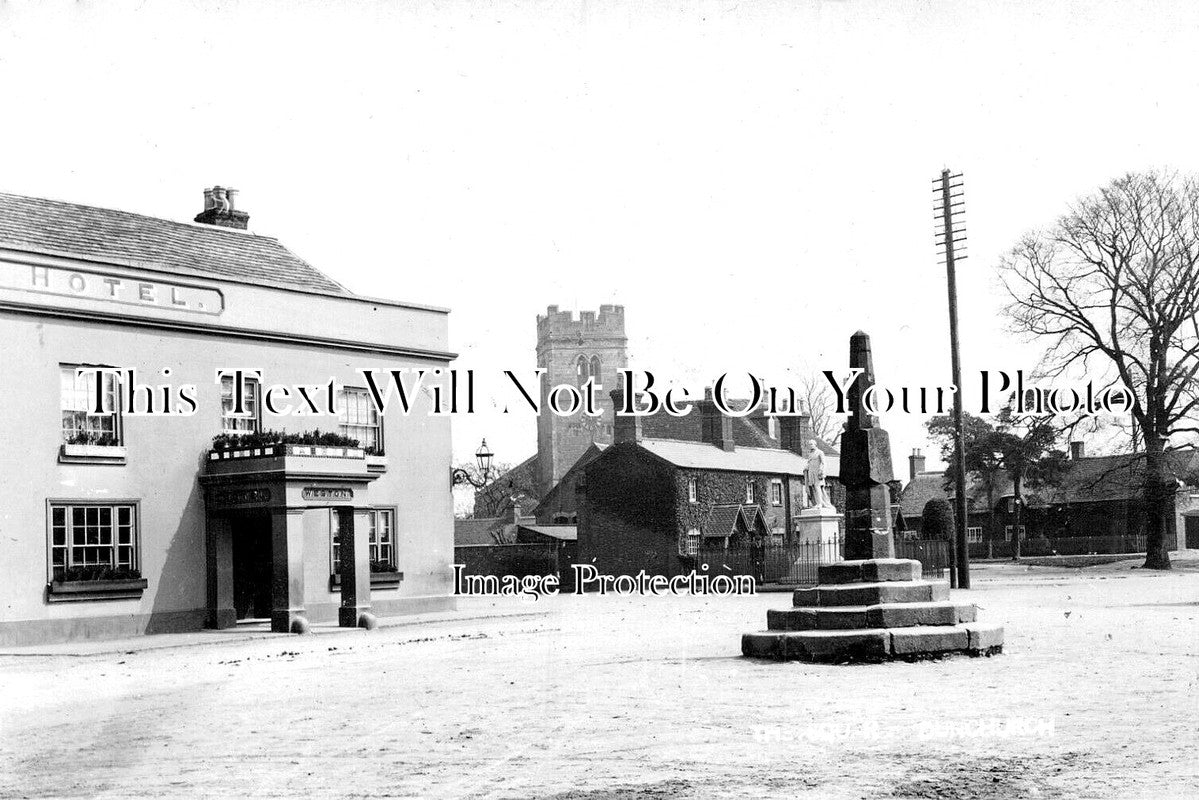 WA 2297 - The Square & Weston Hotel, Dunchurch, Warwickshire
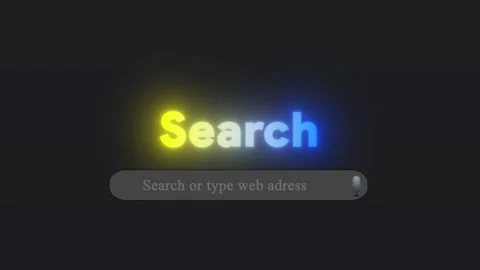 Dark Mode Web Search Animation Transitioning to Calendar Interface with Typ.. Vídeos de archivo 331422382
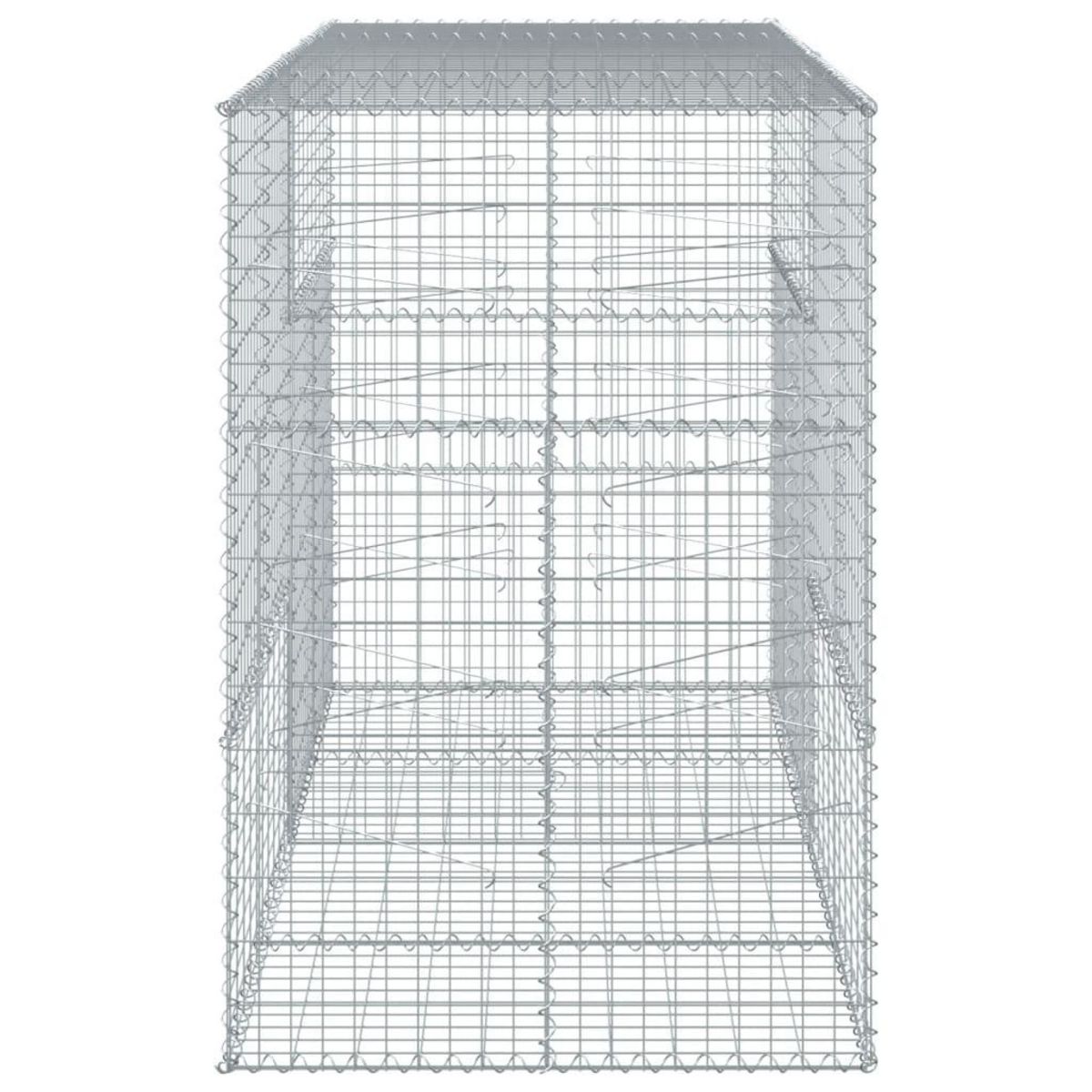VIDAXL Panier gabion avec couvercle 200x100x150 cm fer galvanise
----------
_Problem to work on_.
Return all of the data exactly as written, and drop the pictures.

_Response below_.
 WA 2297 - The Square & Weston Hotel, Dunchurch, Warwickshire
 Dark Mode Web Search Animation Transitioning to Calendar Interface with Typ.. Vídeos de archivo 331422382
VIDAXL Panier gabion avec couvercle 200x100x150 cm fer galvanise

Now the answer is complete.